— What you will do —
Only one span belongs in the answer: the line holding "Immigrants from Thailand" through the last line of the entries below, retyped exactly.

Data items:

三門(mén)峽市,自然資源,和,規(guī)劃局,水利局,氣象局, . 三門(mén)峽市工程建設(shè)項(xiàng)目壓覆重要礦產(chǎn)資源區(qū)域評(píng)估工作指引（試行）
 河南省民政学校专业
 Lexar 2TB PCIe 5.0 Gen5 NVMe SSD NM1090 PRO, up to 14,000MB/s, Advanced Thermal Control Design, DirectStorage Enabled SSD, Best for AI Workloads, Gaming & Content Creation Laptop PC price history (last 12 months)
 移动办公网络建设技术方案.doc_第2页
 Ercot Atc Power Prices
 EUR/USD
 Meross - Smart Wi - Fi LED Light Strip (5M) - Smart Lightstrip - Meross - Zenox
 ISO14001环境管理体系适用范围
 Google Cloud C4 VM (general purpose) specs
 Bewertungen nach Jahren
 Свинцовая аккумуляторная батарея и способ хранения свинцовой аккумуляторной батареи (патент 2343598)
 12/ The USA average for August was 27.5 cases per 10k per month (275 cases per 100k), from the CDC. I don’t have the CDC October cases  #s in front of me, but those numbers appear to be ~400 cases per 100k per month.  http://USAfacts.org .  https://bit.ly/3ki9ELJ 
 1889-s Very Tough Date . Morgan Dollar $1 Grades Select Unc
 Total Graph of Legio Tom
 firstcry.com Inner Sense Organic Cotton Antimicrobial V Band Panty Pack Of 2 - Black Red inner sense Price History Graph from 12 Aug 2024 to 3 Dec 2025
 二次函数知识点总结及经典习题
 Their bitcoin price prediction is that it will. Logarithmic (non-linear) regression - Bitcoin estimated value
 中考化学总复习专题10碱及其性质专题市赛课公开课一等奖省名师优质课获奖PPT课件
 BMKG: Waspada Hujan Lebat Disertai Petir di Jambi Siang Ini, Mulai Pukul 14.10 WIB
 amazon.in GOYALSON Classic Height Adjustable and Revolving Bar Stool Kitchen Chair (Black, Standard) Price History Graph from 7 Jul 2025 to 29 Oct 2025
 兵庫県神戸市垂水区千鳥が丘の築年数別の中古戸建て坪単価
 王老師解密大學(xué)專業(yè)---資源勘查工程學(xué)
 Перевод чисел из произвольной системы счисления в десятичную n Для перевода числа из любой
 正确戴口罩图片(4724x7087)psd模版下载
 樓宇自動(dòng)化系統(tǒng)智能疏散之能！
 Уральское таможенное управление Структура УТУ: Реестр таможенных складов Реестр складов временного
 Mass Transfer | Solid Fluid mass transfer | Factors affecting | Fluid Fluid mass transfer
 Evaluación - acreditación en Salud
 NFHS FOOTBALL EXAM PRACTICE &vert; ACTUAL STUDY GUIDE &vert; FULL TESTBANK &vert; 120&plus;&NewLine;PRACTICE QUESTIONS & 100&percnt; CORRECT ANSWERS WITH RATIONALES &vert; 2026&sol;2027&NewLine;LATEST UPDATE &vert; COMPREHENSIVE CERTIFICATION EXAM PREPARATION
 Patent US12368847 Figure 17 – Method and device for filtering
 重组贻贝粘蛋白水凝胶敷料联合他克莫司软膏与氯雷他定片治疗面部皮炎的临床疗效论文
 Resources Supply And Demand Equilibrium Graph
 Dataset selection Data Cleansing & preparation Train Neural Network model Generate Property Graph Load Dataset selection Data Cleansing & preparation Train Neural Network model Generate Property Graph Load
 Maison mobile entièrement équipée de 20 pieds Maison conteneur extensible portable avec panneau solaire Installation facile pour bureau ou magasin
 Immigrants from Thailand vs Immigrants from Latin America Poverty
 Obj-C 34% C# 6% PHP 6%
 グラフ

— Expected output —
 Immigrants from Thailand vs Immigrants from Latin America Poverty
 Obj-C 34% C# 6% PHP 6%
 グラフ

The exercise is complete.